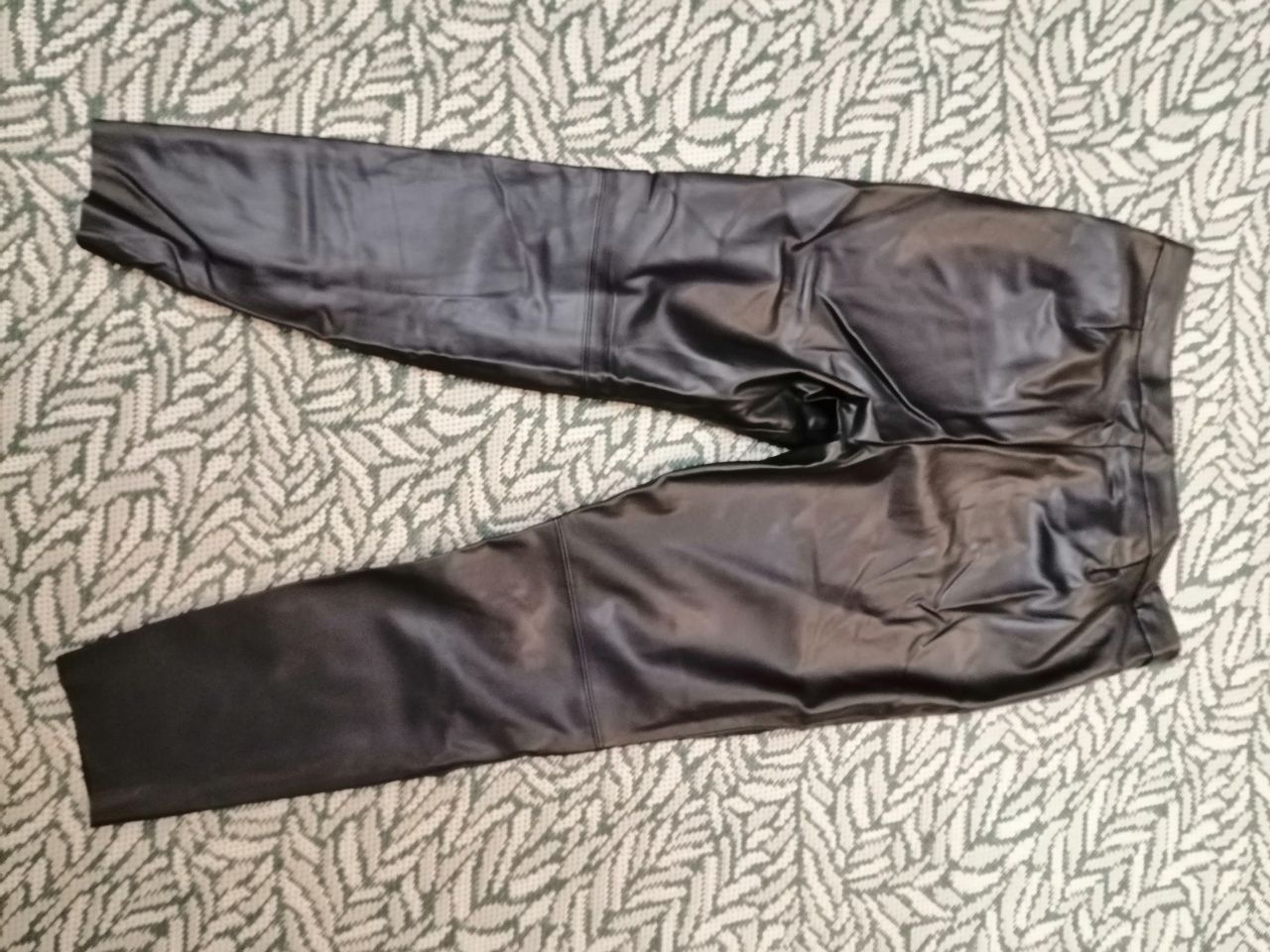 Spodnie skórzane Zara 42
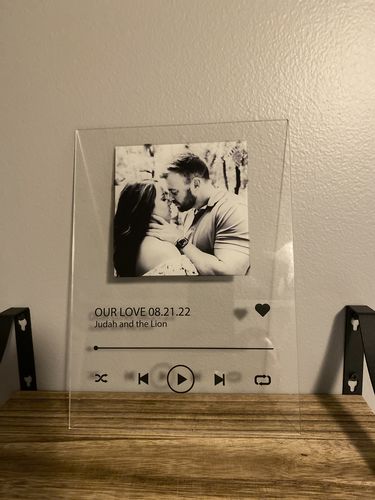 Customer photo review of Custom Song Plaque - The Best Anniversary Gift for Couples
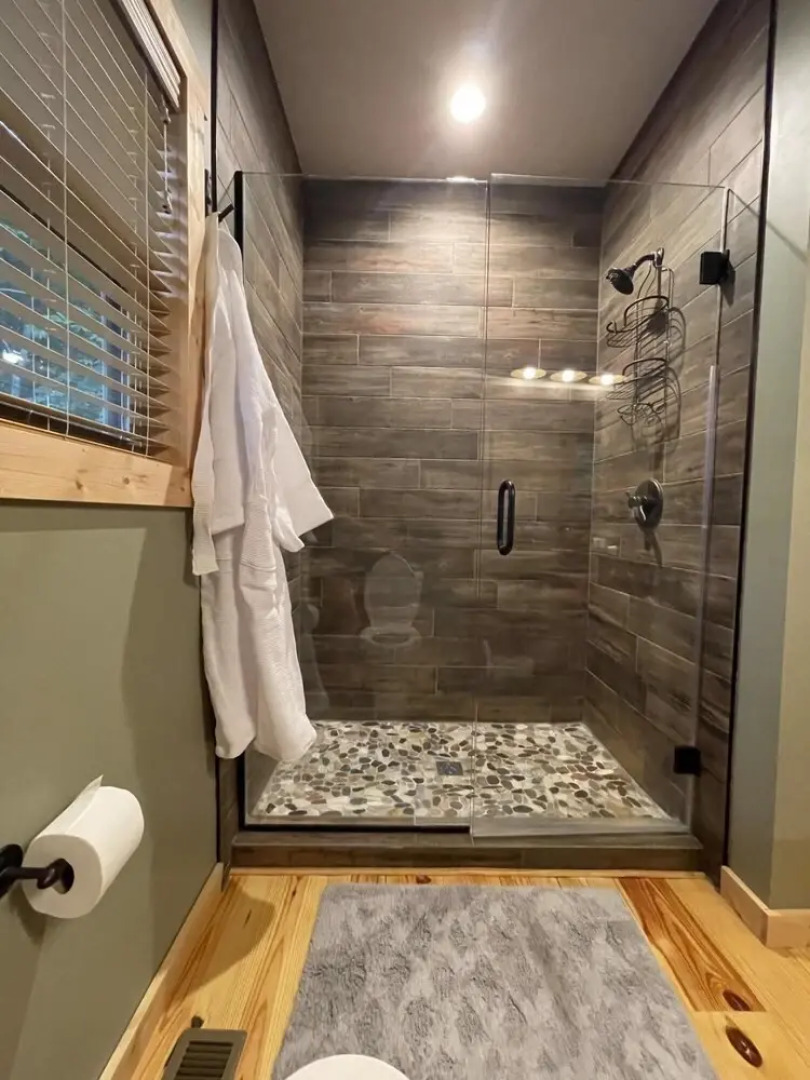 Hollow Tree Hideaway - Coosawattee River Resort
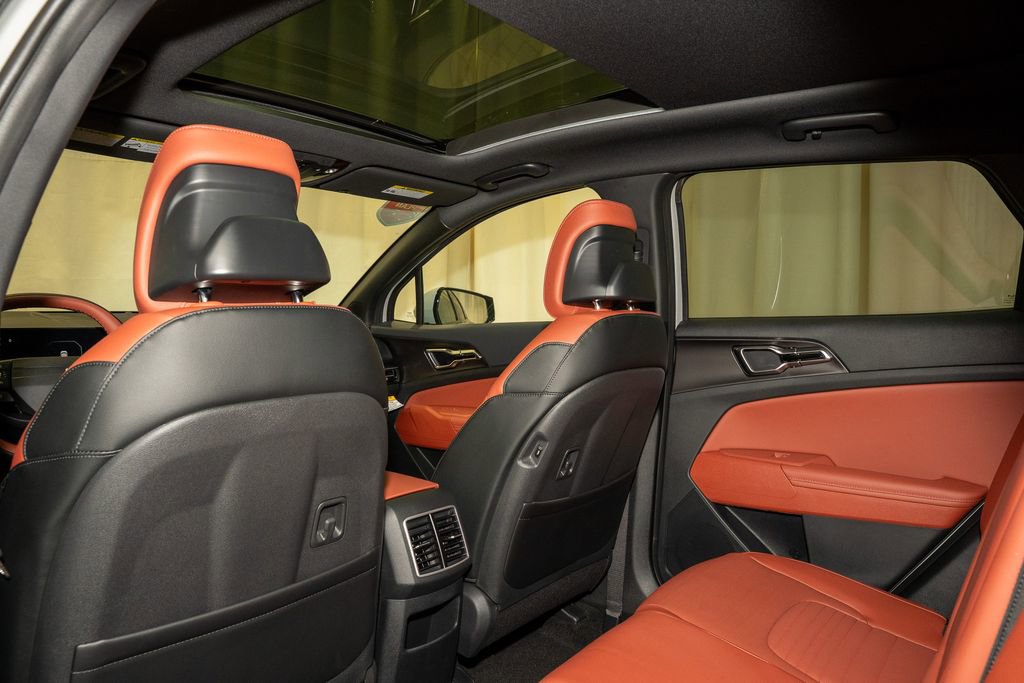 New 2026 Kia Sportage SX FWD image 10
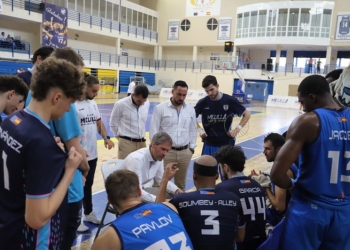 El técnico dando instrucciones a sus jugadores durante uno de los partidos.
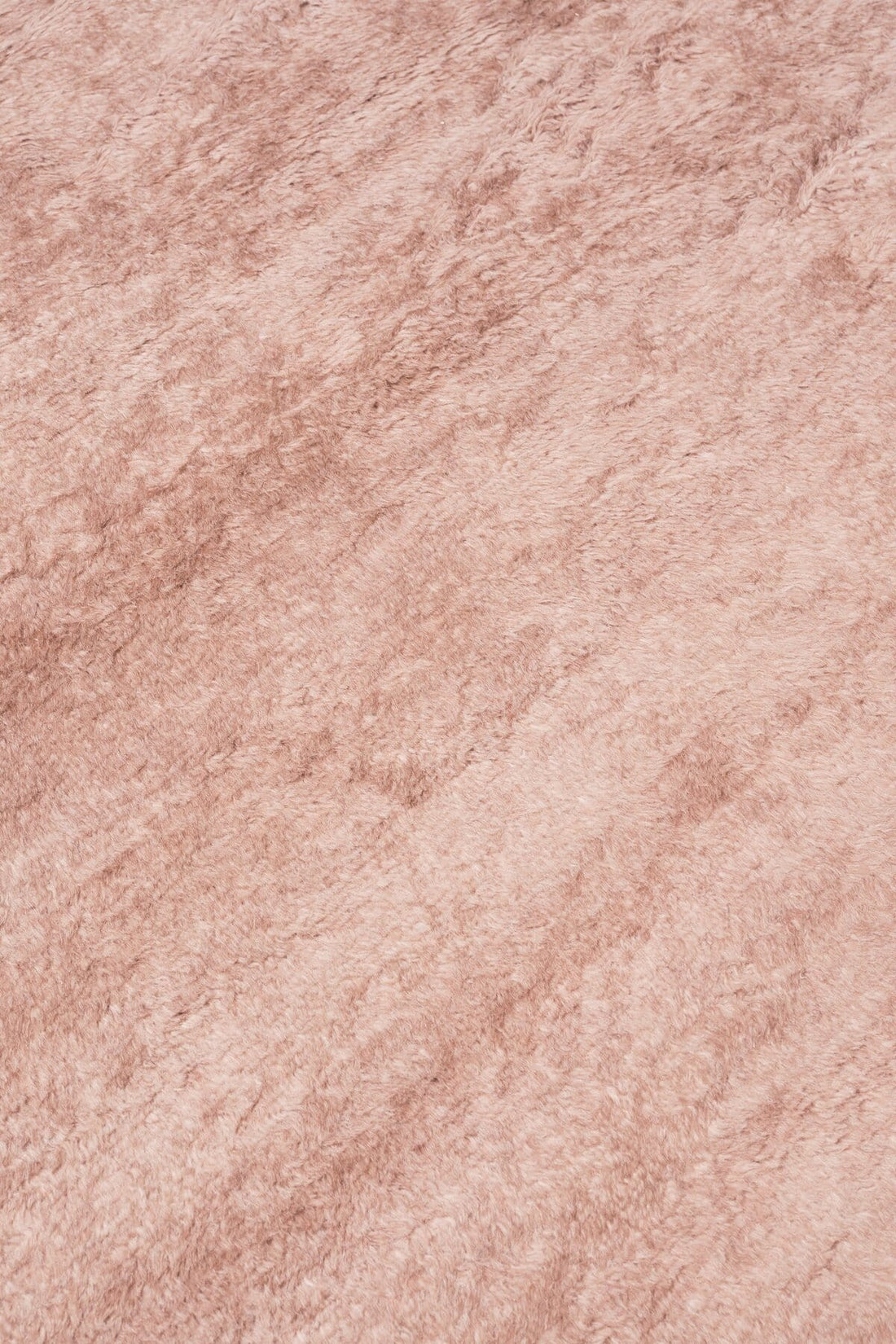 COLOUR IN RESIDENCE | SHAG MOHAIR ORCHID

Exercise details
The records above are to be repeated exactly, with every picture removed from the copy.

Written answer
 Spodnie skórzane Zara 42
 Customer photo review of Custom Song Plaque - The Best Anniversary Gift for Couples
 Hollow Tree Hideaway - Coosawattee River Resort
 New 2026 Kia Sportage SX FWD image 10
 El técnico dando instrucciones a sus jugadores durante uno de los partidos.
 COLOUR IN RESIDENCE | SHAG MOHAIR ORCHID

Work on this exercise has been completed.